O Partido Liberal (PL) afirmou que a decisão foi estratégica. Nos bastidores, parlamentares avaliam que a renúncia antecipou um desfecho desfavorável e buscou reduzir o impacto político de uma cassação formal, além de evitar que uma nova decisão da Câmara fosse anulada pelo Supremo, aprofundando o desgaste institucional.
Segundo o cientista político Jackson De Toni, professor do Ibmec Brasília, a renúncia resulta de uma convergência de fatores pessoais e institucionais. Do ponto de vista individual, a estratégia teria como objetivo fortalecer a defesa de Zambelli no exterior. “A avaliação é que se apresentar à Justiça italiana como uma política que renunciou sob protesto reforça a narrativa de perseguição política, diferenciando-a de uma parlamentar cassada por crimes comuns”, afirma.
Pressa
Embora tenha reduzido a tensão imediata entre Legislativo e Judiciário, a saída de Zambelli inaugurou um ambiente de pragmatismo e pressa dentro da Câmara. Lideranças partidárias avaliam que a manutenção de processos de cassação em aberto amplia o desgaste político e contamina a agenda legislativa, sobretudo às vésperas do ano eleitoral de 2026.
“A ordem agora é resolver rapidamente os casos pendentes”, afirma De Toni. “O objetivo é limpar a pauta das cassações para evitar que o tema domine o debate político e comprometa a articulação do Congresso no próximo período.”
É nesse contexto que avançam os casos de Eduardo Bolsonaro e Alexandre Ramagem.
Eduardo Bolsonaro
O deputado Eduardo Bolsonaro é alvo de questionamentos relacionados à sua atuação política e a episódios envolvendo ataques a instituições, temas que vêm sendo debatidos desde 2024 e ganharam força após decisões recentes do STF. Seus aliados denunciam perseguição política, enquanto críticos defendem a responsabilização parlamentar.

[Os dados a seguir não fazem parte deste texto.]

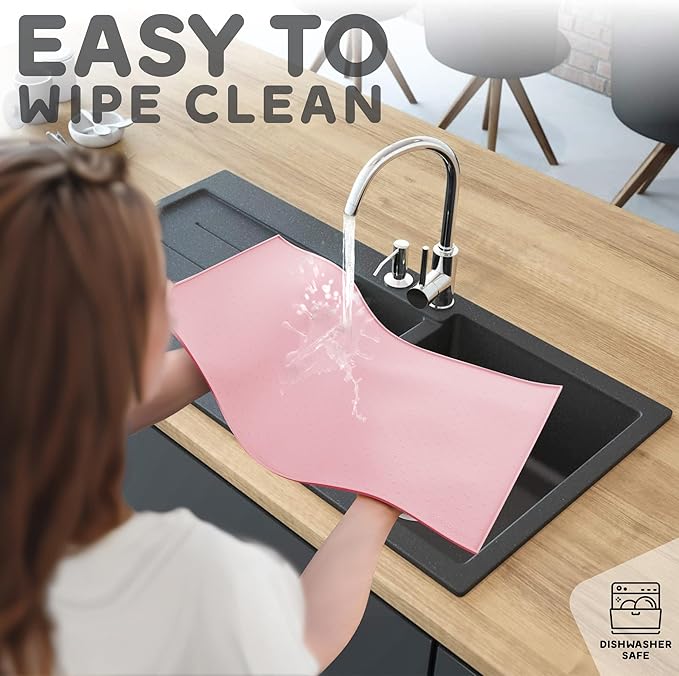 Dog Food Mat - Raised Edges Dogs Mat for Food and Water Prevent Spill, Waterproof Cat Food Mats Protect Floors, Easy Clean Dog Bowl Mats for Food and Water, Silicone Pet Food Tray
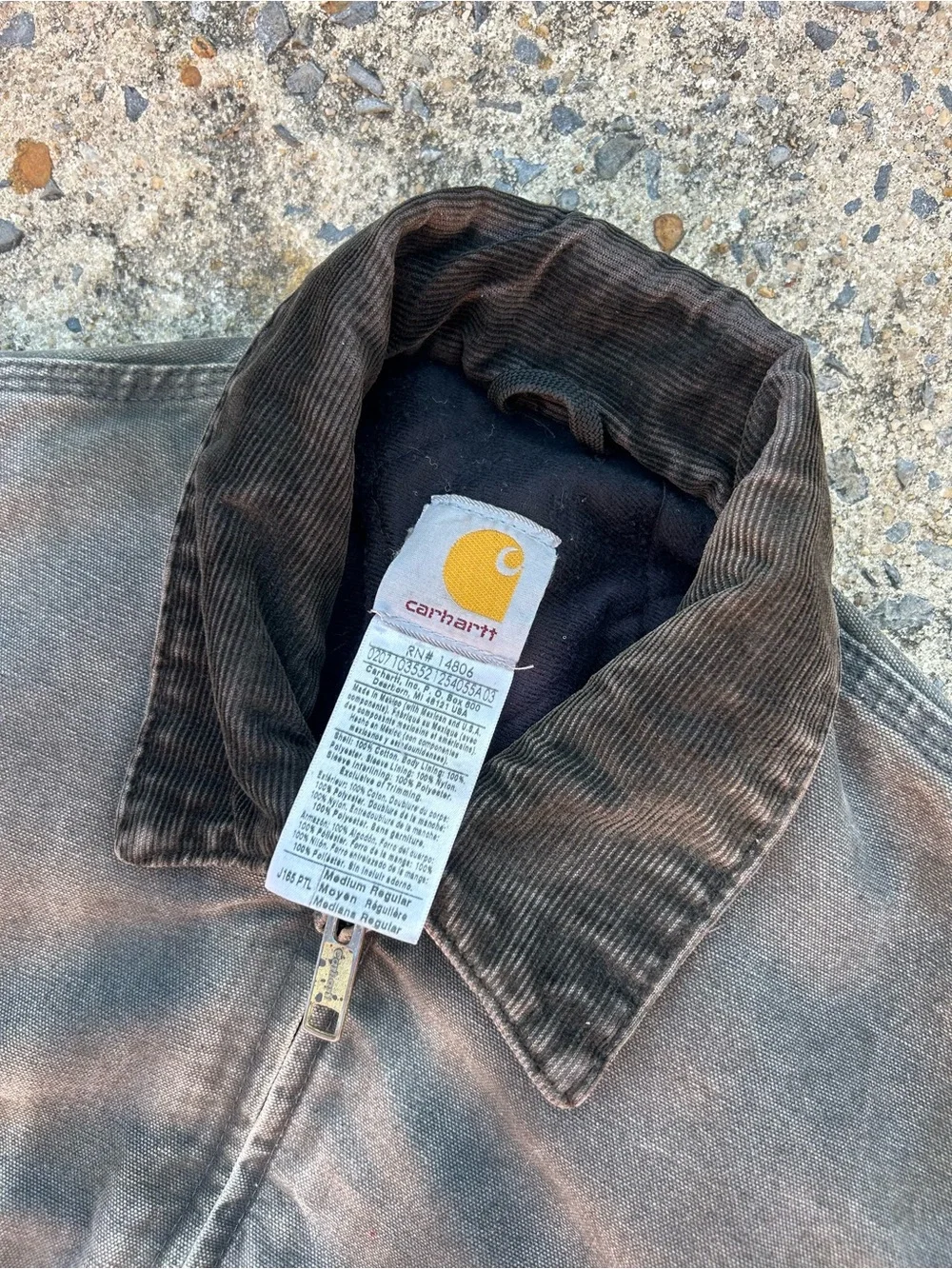VTG Rare Faded Distressed Carhartt Jacket J165 PTL Duck Bomber Size M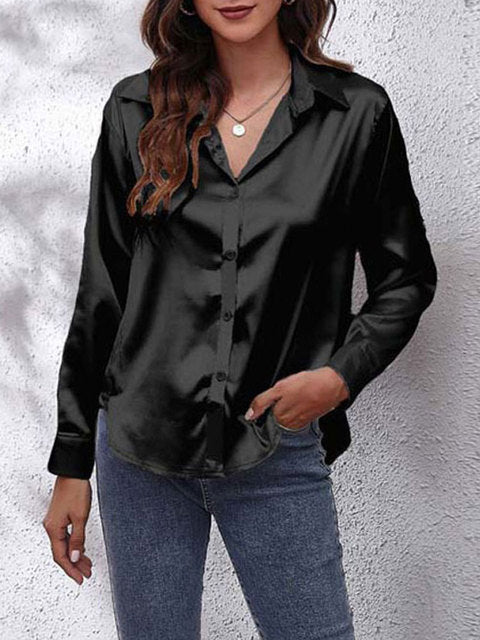 Karen | Classic Satin Long‑Sleeve Blouse for Women
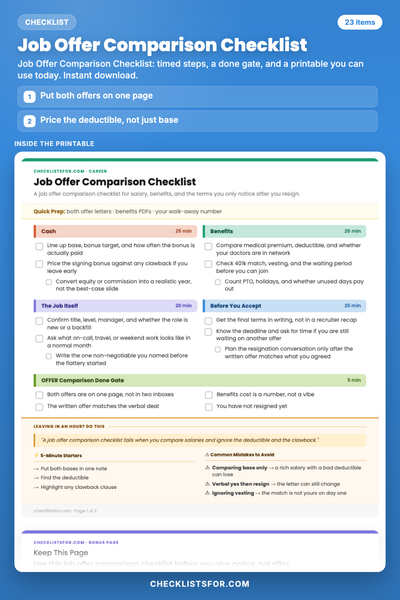 Job Offer Comparison Checklist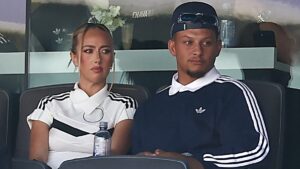 Patrick and Brittany Mahomes Color-Coordinate While Attending World Cup Final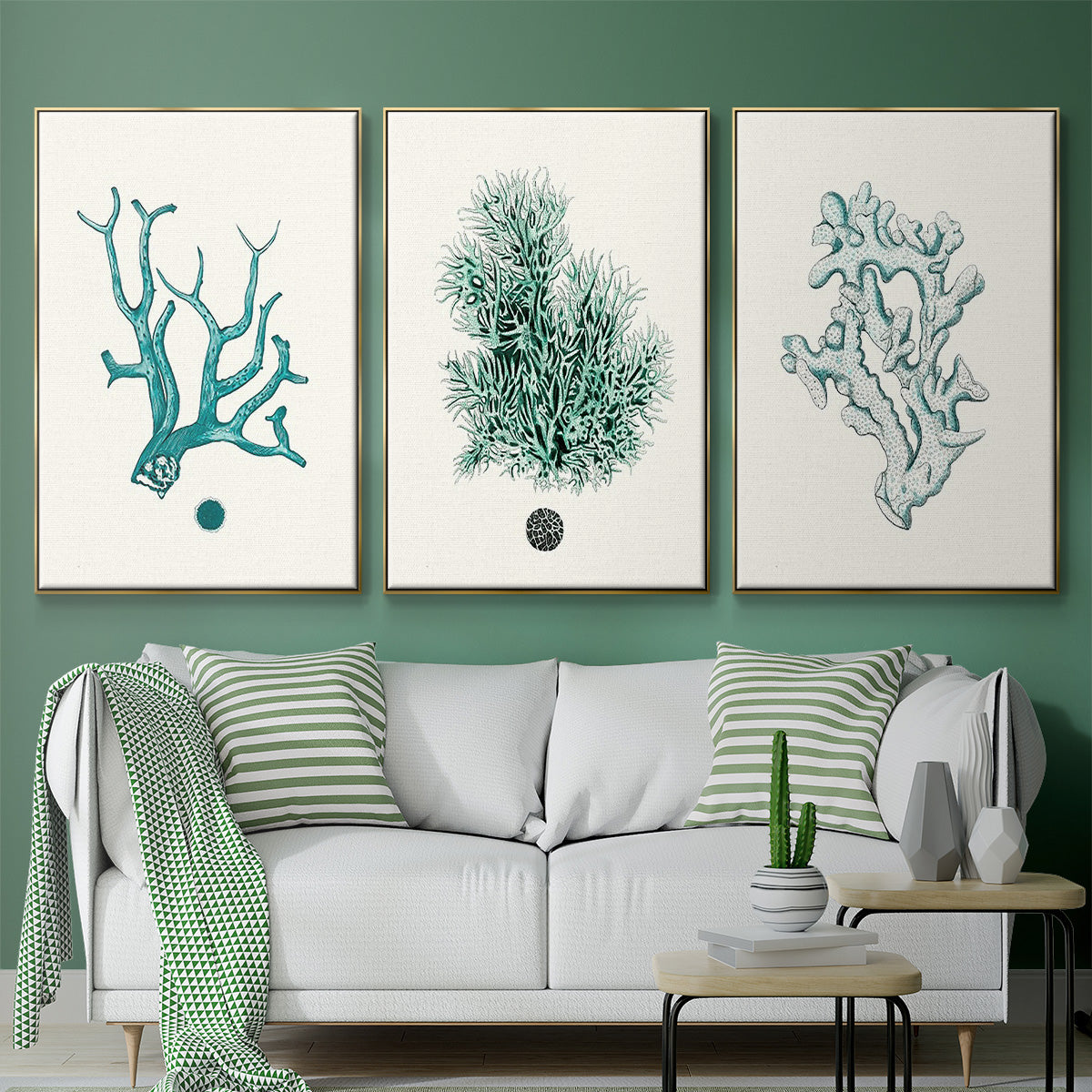 Antique Coastal Coral IV - Floater Framed Canvas Set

Além do embate político, pesa contra Eduardo Bolsonaro o elevado número de faltas às sessões da Câmara, quase 80%, segundo cálculos internos. Nesse cenário, o desfecho pode ocorrer sem votação em plenário. A avaliação predominante é de que a Mesa Diretora pode declarar a perda automática do mandato, conforme previsto no regimento, encerrando o caso por via administrativa.
Para De Toni, a situação evidencia uma mudança de estratégia. “O caso de Eduardo tende a ser resolvido sem o confronto direto entre plenário e STF, justamente para evitar o desgaste político que marcou o episódio de Zambelli”, afirma.
Alexandre Ramagem
Já o deputado Alexandre Ramagem, ex-diretor da Agência Brasileira de Inteligência (Abin), enfrenta um cenário ainda mais sensível. As investigações relacionadas à sua atuação durante o governo Bolsonaro tiveram desdobramentos ao longo de 2023 e 2024 e passaram a impactar diretamente seu mandato em 2025, reacendendo o debate sobre os limites da imunidade parlamentar.
Para o cientista político, a situação de Ramagem se aproxima da de Zambelli. “Mesmo que a Câmara tente uma saída política para preservar o mandato, a tendência é que o STF intervenha para determinar a cassação, como já ocorreu anteriormente”, avalia. Até o momento, Ramagem não sinalizou intenção de renunciar e mantém o discurso de que é vítima de perseguição.
Autonomia do Legislativo
Embora distintos, os três casos se cruzam no tempo e no conteúdo. Todos colocam em discussão, nesta semana, o papel da Câmara diante de decisões judiciais e os limites da cassação como resposta política. Para parte dos deputados, trata-se de preservar a autonomia do Legislativo. Para outros, a Casa não pode funcionar como escudo contra condenações e investigações já consolidadas no Judiciário.
A renúncia de Zambelli, formalizada na segunda-feira (8), não reduziu a pressão sobre a Câmara. Ao contrário, acelerou decisões e redefiniu estratégias. Com Eduardo Bolsonaro e Alexandre Ramagem ainda sob análise, o Congresso entra nos próximos dias em um ambiente de forte tensão, marcado por pressa, cálculo político e o esforço para evitar novos confrontos diretos com o Supremo Tribunal Federal.